Start working the neighborhood network. Ask other parents you know. Check on NextDoor or in neighborhood Facebook groups and ask for recommendations.
Most independent tutors have a web presence, so the internet can be a fast way to find them. You want to look for tutors who have a decent website, include their tutoring or teaching background, and are specific about the services they offer. If the website looks jenky or you get a bad feeling, they are not worth your time.
Good old Google
Just search for the specific tutor you need, such as “SAT prep tutor” or “Calculus tutor”, + your city. You will get a mixture of large corporate sites (see below) and local tutors’ websites. I would personally start with the tutors’ websites and work your way through the list that way.
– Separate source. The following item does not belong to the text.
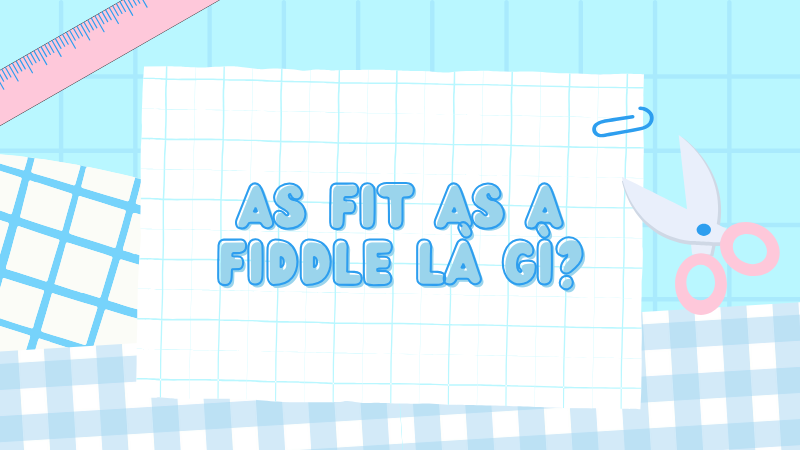 As fit as a fiddle là gì?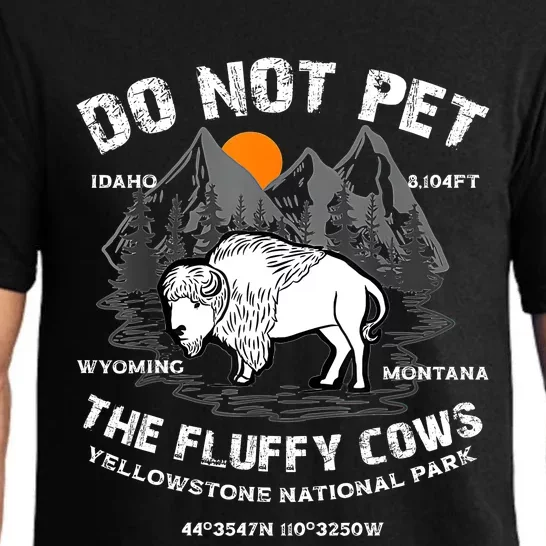 Do Not Pet The Fluffy Cows Bison Yellowstone National Park Pajama Set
Yes, you can find perfectly respectable tutors on Craigslist. They are listed under Services => Lessons. Look for tutors that have pictures in their ads, are specific about the services they offer, and have a website. If it feels like a scam, it probably is.
One-stop shopping here. You can find a tutor (anywhere in the US) and pay them through the site. However, Wyzant takes a hefty percentage from the tutor, so many actually raise their prices on the site for that reason. Also, all communication takes places within the Wyzant webpage, which can be annoying for everyone involved.
National Online Tutoring Companies
There are many online tutoring companies that contract with independent tutors. Just search for “online tutoring + subject”. (Full disclosure – I used to tutor through one of these companies.) On these sites, you can find tutors for almost any subject, including higher-level high school and college courses. However, these companies are EXPENSIVE. (And little of that money actually goes to the tutor.)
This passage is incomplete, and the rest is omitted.